_The problem:_ For this exercise, output the entries below exactly from the line that holds "Corsa Sport Baseball" to the line that holds "Antique 18ct old", both ends included. No pictures belong in the copy.

_Material for this task:_
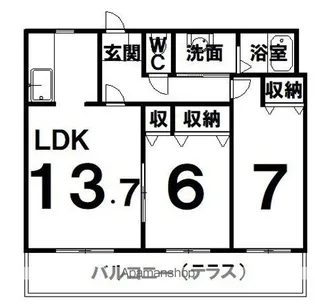宝来中央ハイツ【1-B号室】の間取り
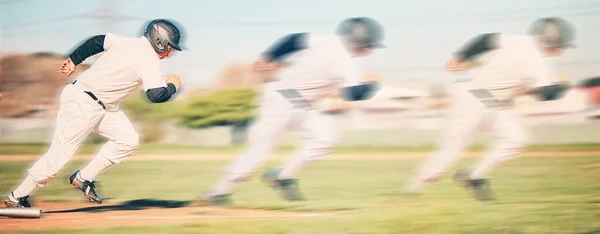 Corsa Sport Baseball Con Uomo Sul Campo Fitness Allenamento Velocità — Foto Stock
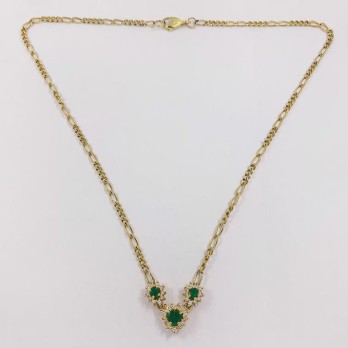 Gargantilla en oro 18kt con esmeraldas y brillantes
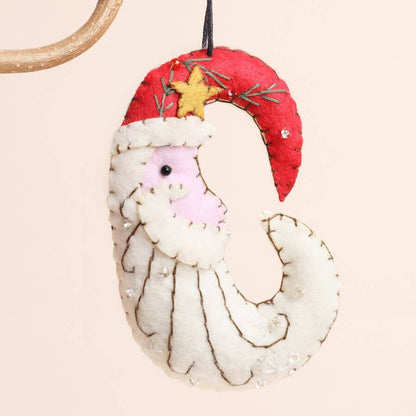 Beaded Felt Father Christmas 
Hanging Decoration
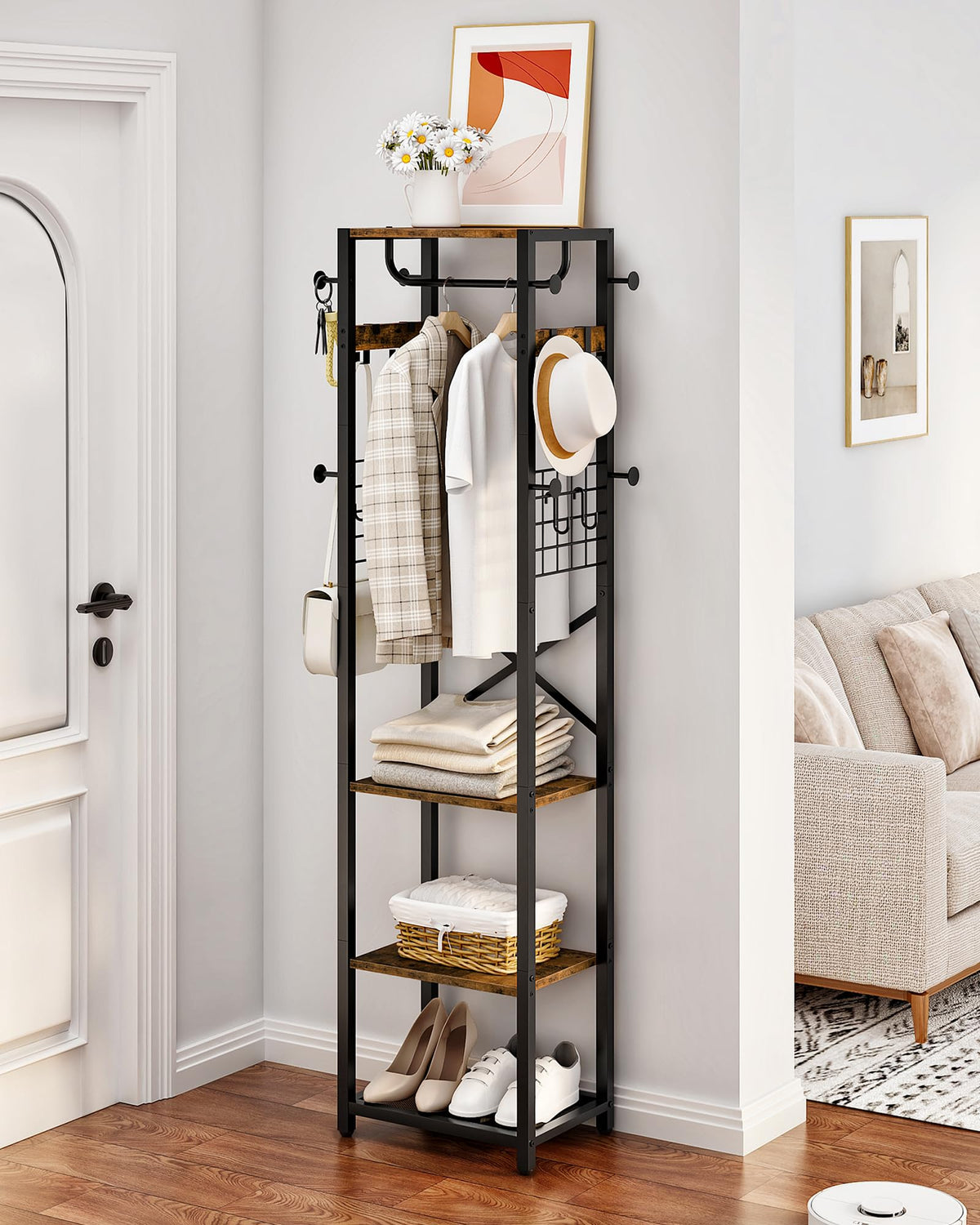 Industrial Hall Tree with 16 Hooks, Shelves and Hanging Rail, Rustic Brown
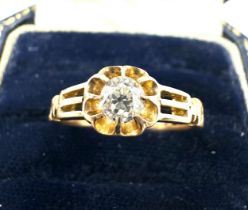 Antique 18ct old cut diamond ring weight 3.5g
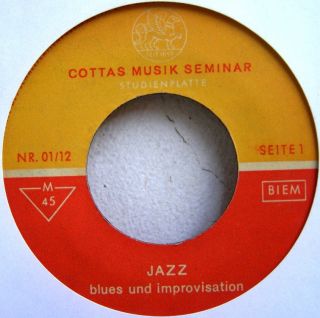 Jazz Blues Improvisation 50 60s Cottas Musik Seminar 7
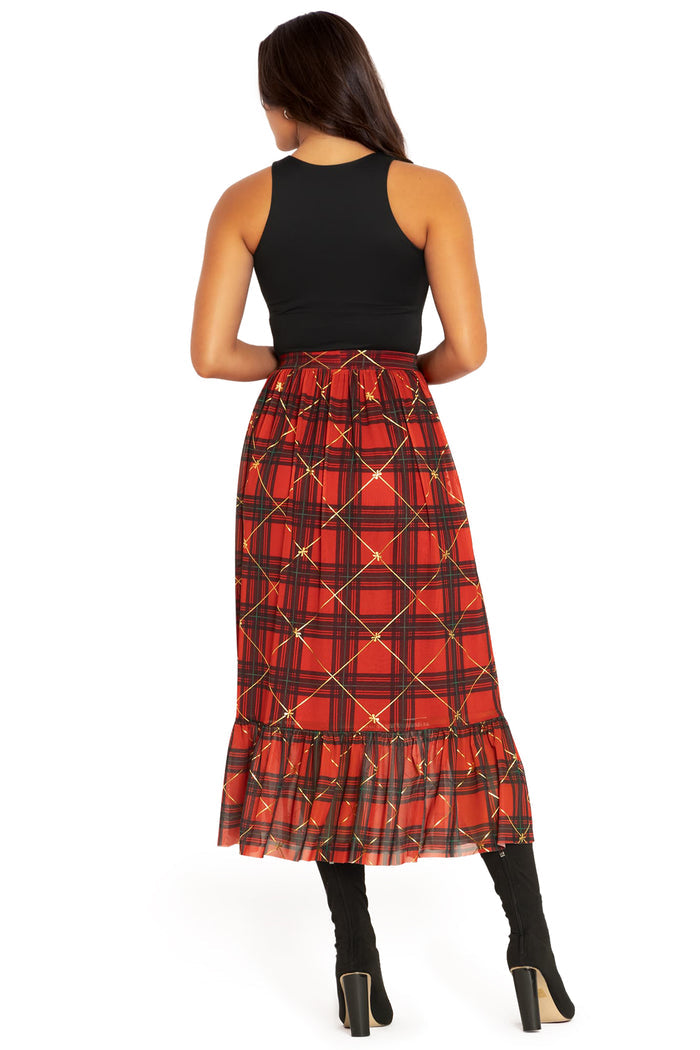 BlackMilk Clothing - Tartan Gift Wrap Frill Midaxi Skirt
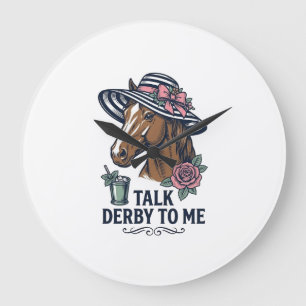 Vintage Derby Pferde Hut Talk Derby To Me Design Große Wanduhr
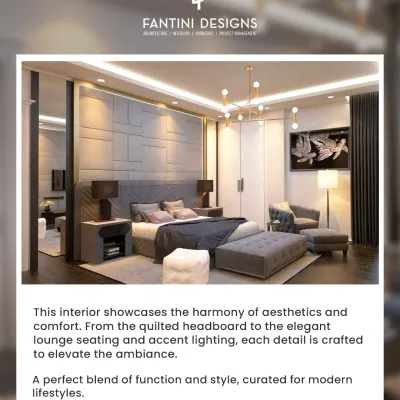 This bedroom is a perfect blend of function and style. I designed a custom quilted headboard that extends across the wall, paired with elegant lounge seating and warm accent lighting to create a modern, curated retreat.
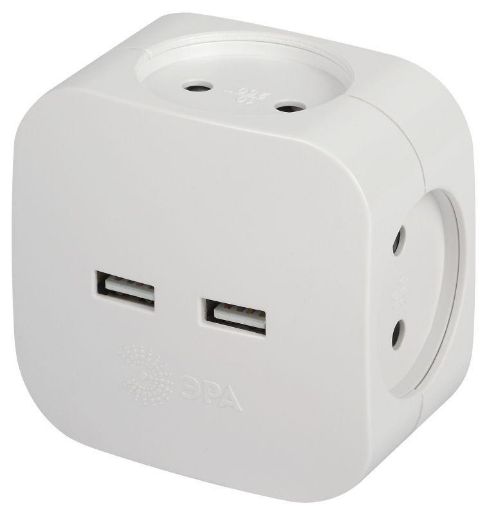 Изображение Разветвитель электрический SP-4-USB-W на 4 розетки 220В+ 2xUSB 2400мА без заземл 10А бел. Эра Б0049532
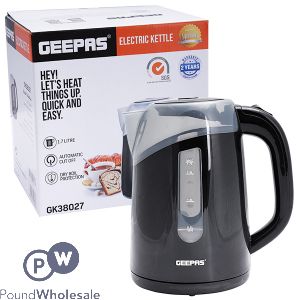 Geepas Electric Black Cordless Kettle 1.7l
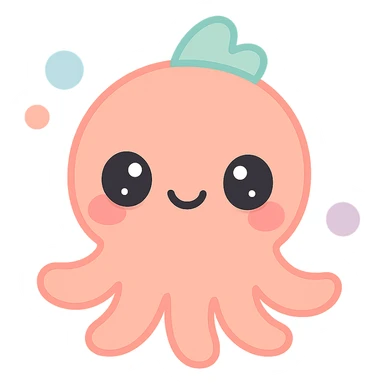 cute underwater creature, cartoon style, big eyes, friendly smile, colorful sticker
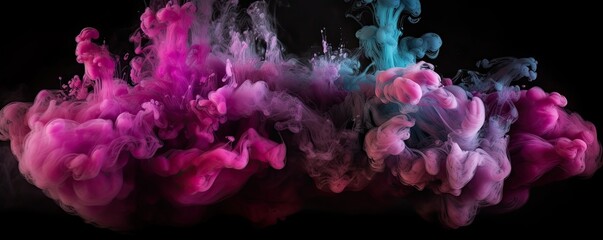 Ink water. Color mist. Pink and purple shiny glitter steam cloud blend on dark black abstract art banner background. Ai generative.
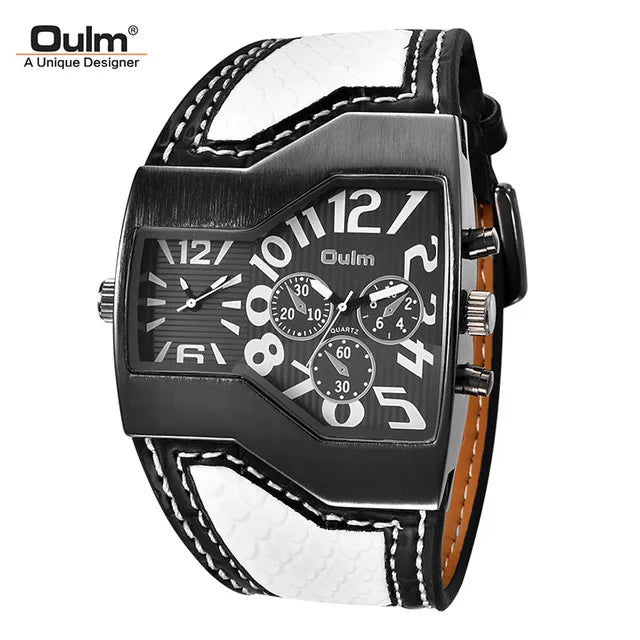 White Black Color Men’s Military Quartz Watch With Dual Time Zones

_Your response:_
 Corsa Sport Baseball Con Uomo Sul Campo Fitness Allenamento Velocità — Foto Stock
 Gargantilla en oro 18kt con esmeraldas y brillantes
 Beaded Felt Father Christmas 
Hanging Decoration
 Industrial Hall Tree with 16 Hooks, Shelves and Hanging Rail, Rustic Brown
 Antique 18ct old cut diamond ring weight 3.5g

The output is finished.